In sports, that often leads to coverage which reflects the story the team was OK with being told or wanted told. It's not necessarily a bad thing. Journos are always grateful for the help. It's hard work, especially when you have an 82-game NHL or NBA schedule, or 162-game sked in baseball, to slog through. (I couldn't do it; I get bored too easily.)
In hockey, it's believed you have to have veterans. This sort of calls to mind a post on the Columbus Dispatch's Puck-Rakers blog that noted how the Blue Jackets had their veterans speak during a team meal.

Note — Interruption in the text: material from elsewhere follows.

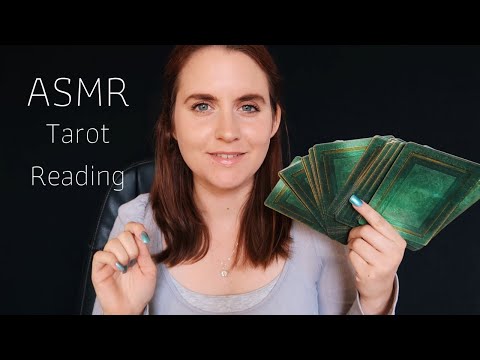 [ASMR] Tarot Reading Soft Spoken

"One by one, the Jackets' playoff veterans stood up and told stories about their postseason experiences. There were no joking around, defensemen Marc Methot said. Each guy was genuine and offered a little something different.
" 'It was good to hear what the guys had to say, I thought it was helpful,' Jackets captain Rick Nash said.
" 'They tried to tell us what to expect,' Methot said. 'It was really low key, but really good.' "It's kind of like, "We get it. You believe you're in the Stanley Cup final because of all the things Gary Roberts is doing in the dressing room," or, "You think the Chicago Blackhawks will fold up like an accordion because they only have one forward older than 30."
Just as Ana Marie Cox notes most of the big political stories in the U.S. get broken by people not covering the White House (Watergate was a couple guys on the metro beat), the best sports journalism of the past 10 years has often come from people who aren't beat writers.
That's not to slag the people pounding the beats, you need them in there, getting the questions in, being aggressive. That skillset doesn't include being insightful, but in our biz, we expect those people to be.
In other words, it's kind of inevitable in the media. Chuck Klosterman once said journalists have more ethics and less common sense than normal people. Similarly, knowing all this 'inside baseball' does not necessarily foment common sense.
(It's useless to point this out as a meaningless blogger. To avoid being isolated you have to comment on the elements of sports coverage. Commenting on the elements of sports coverage just exacerbates one's isolation.)
That really was more post-worthy than comment-worthy. Bang-on.